Work to complete: Print the data once more, exactly as supplied.

Material provided section start

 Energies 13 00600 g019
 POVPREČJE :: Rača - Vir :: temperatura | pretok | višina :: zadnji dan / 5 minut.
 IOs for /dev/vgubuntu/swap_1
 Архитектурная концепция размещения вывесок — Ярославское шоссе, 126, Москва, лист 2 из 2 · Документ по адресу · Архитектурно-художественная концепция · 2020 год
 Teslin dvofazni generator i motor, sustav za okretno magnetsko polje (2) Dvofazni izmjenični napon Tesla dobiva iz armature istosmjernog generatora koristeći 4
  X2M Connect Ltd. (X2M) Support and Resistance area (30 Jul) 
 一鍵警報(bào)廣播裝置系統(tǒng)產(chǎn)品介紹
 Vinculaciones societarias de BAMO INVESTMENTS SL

Material provided section end

Result below:
 Energies 13 00600 g019
 POVPREČJE :: Rača - Vir :: temperatura | pretok | višina :: zadnji dan / 5 minut.
 IOs for /dev/vgubuntu/swap_1
 Архитектурная концепция размещения вывесок — Ярославское шоссе, 126, Москва, лист 2 из 2 · Документ по адресу · Архитектурно-художественная концепция · 2020 год
 Teslin dvofazni generator i motor, sustav za okretno magnetsko polje (2) Dvofazni izmjenični napon Tesla dobiva iz armature istosmjernog generatora koristeći 4
  X2M Connect Ltd. (X2M) Support and Resistance area (30 Jul) 
 一鍵警報(bào)廣播裝置系統(tǒng)產(chǎn)品介紹
 Vinculaciones societarias de BAMO INVESTMENTS SL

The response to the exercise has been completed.